The Ted Bundy break-up theory

Ted Bundy, like most other habitual killers, exhibited a pattern in his crimes. According to Women's Health magazine, the most common attributes of his victims were a slim build, long dark hair, and caucasian ethnicity. While that might sound broad, the truth is that each and every one of the women that he murdered bore similar traits to his ex-girlfriend, Diane Edwards. Bundy and Edwards started dating while the two were enrolled at the University of Washington, and, for a while, their courtship was amicable. However, much of their time together was predominated by a looming sense of ineptitude on Bundy's part. He admittedly felt inferior to her aristocratic upbringing and didn't view himself as her equal. After she left him, those insecurities morphed into bitter resentments. 

Some experts attribute Bundy's patterns as a gesture of vendetta against Diane Edwards and that overwhelming sense of unworthiness he experienced while dating her. At the end of the day, it's just a theory, but psychologists and true crime enthusiasts often refer back to it while pondering the visceral nature of his exploits and what could have inspired them. "He wasn't real masculine. If I got mad at him because he did something he sort of felt apologetic about it. He wouldn't stand up for himself," Diane Edwards shared years later (per Mirror UK). While there's no justifying his atrocious brutalities, the dynamics at the core of their relationship and subsequent break up may have contributed to his murderous deeds. 
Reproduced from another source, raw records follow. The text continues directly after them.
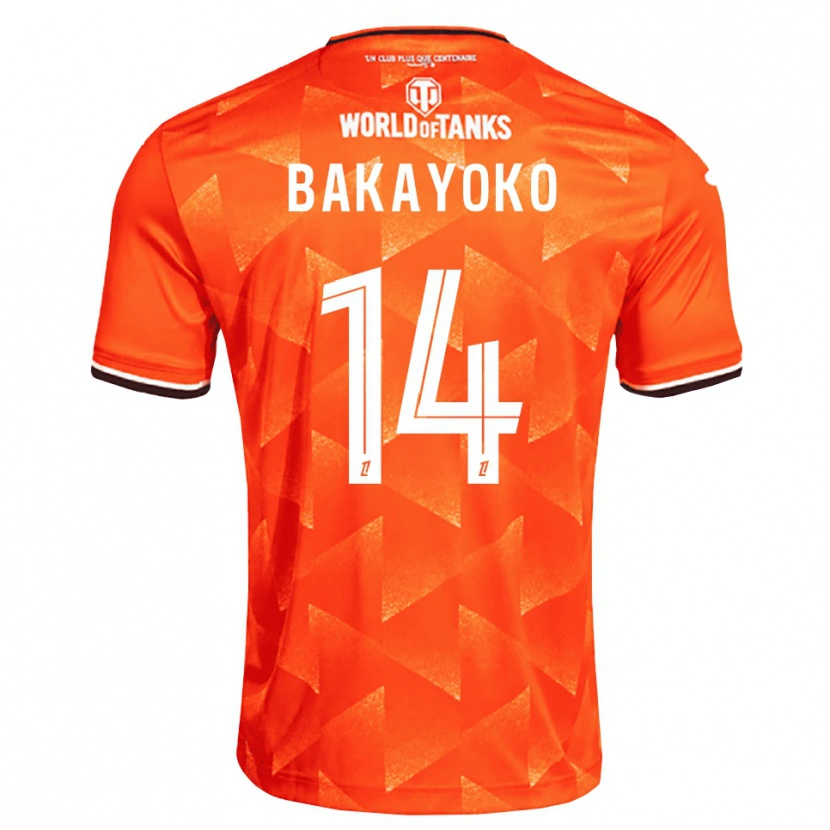 Danxen Men Tiemoué Bakayoko #14 Orange White Black Home Jersey 2026/27 T-Shirt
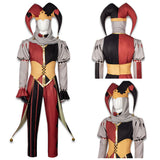 Kingdom of Marionettes Jestyn Red Clown Suit Cosplay Costume Halloween Carnival Party Suit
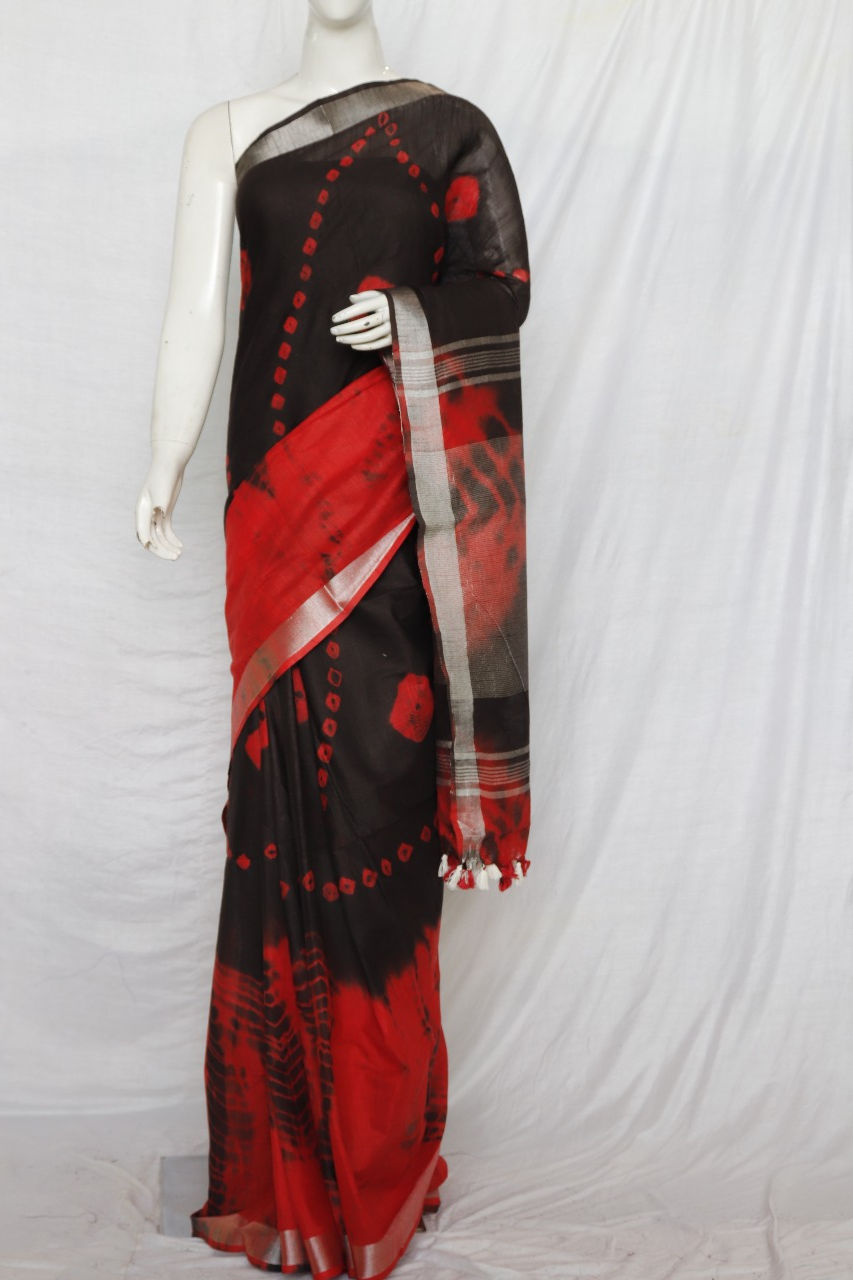 WOMEN COTTON SILK SAREE
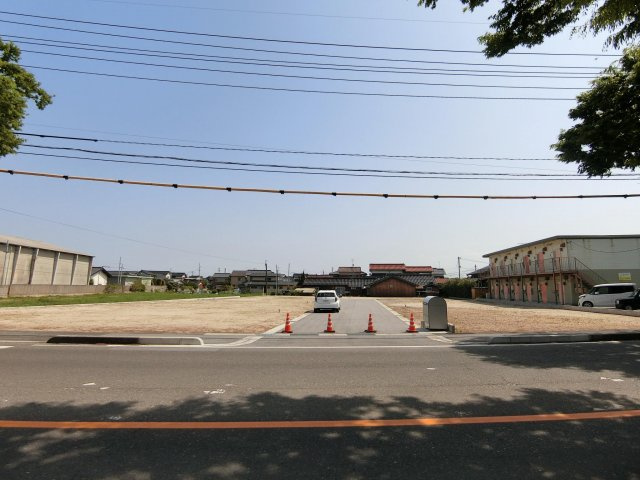 境港市清水町分譲地の前面道路含む現地写真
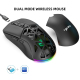 Souris Sans Fil Rechargeable Pour Ordinateur Double Connexion 2.4 GHz Bluetooth 5.1 4800 DPI 7 Boutons - www.yonis-shop.com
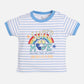 T-shirt and Shorts Set for Baby Boys 100% pure cotton-SKY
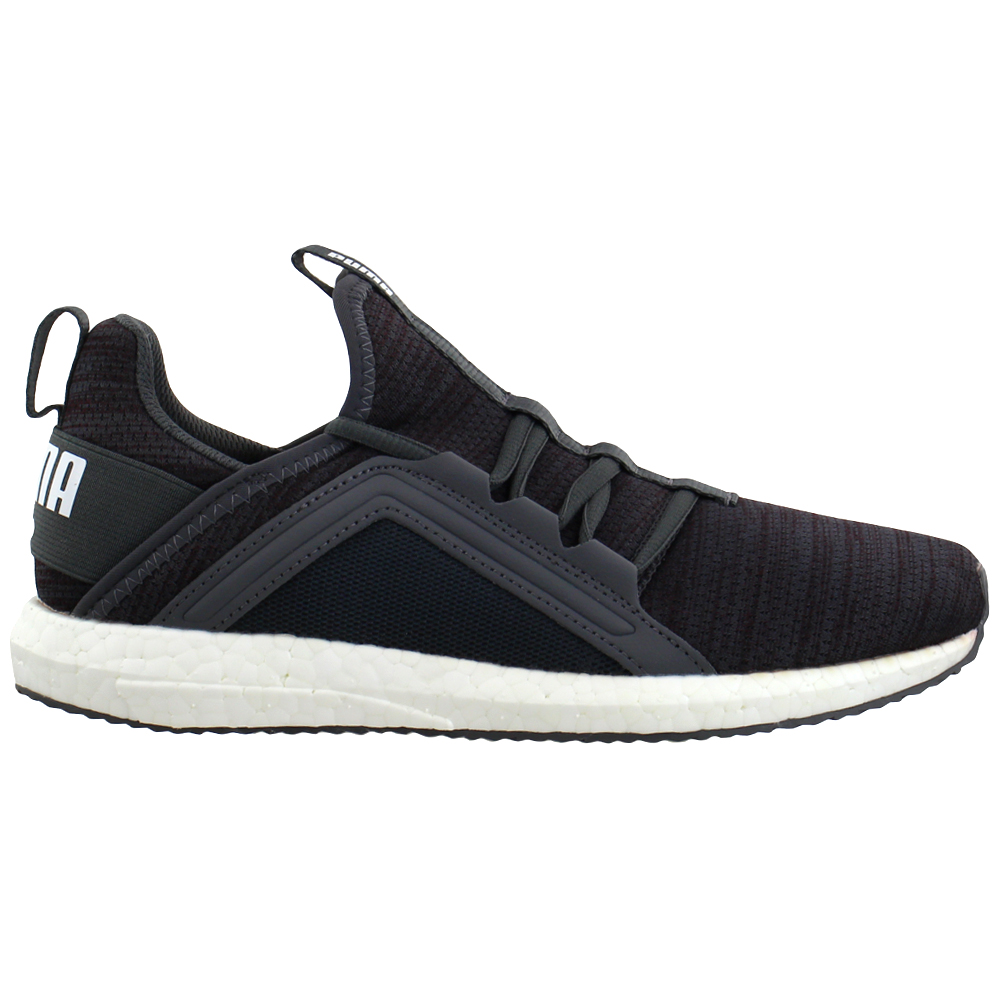 Shop Black Womens NRGY Knit Running Shoes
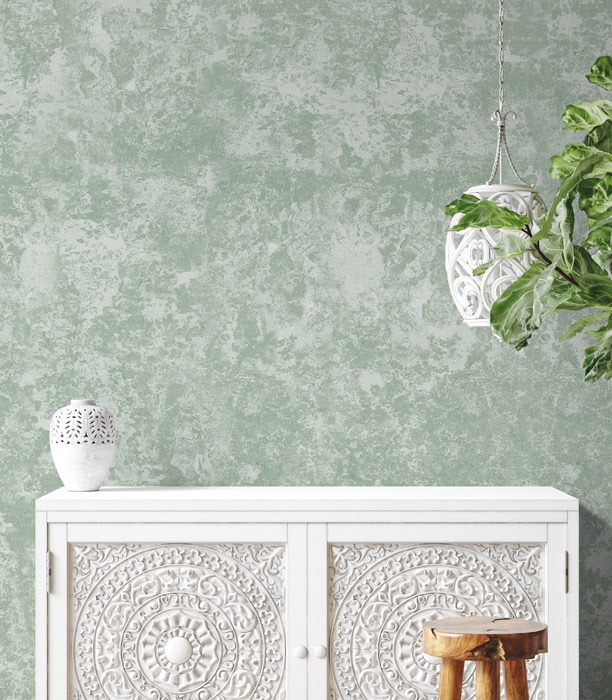 green & grey stucco texture wallpaper hero image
Other theories on Bundy's crimes

Experts and inquirers have developed various other theories on Ted Bundy's insatiable urge to kill since his slew of infamous murders took the nation by storm. According to Investigation Discovery, Bundy grew up believing that his grandparents were actually his parents and that his biological mother was his sister. The truth came out years later, and, when it did, he was overtaken by a tempest of confusion and misplacement in the world. In addition to being viciously bullied for a crippling speech impediment as a child, he looked back on his upbringing as anything but charmed. This, some say, could have played a large role in his decision to take innocent lives during his adult years. 

Others boil it down to a previous addiction to violent pornography that Bundy indulged in as a young man. "I would keep looking for more potent, more explicit, more graphic kinds of material. Like an addiction, you keep craving something which is harder, harder, something which gives you a greater sense of excitement, until you reach the point that pornography only goes so far," he shared in an interview before his death (via Women's Health magazine). Still, theories remain just that — theories. Meanwhile, the world continues to feverishly wonder without categorical confirmation why Ted Bundy turned into one of history's most notorious serial killers.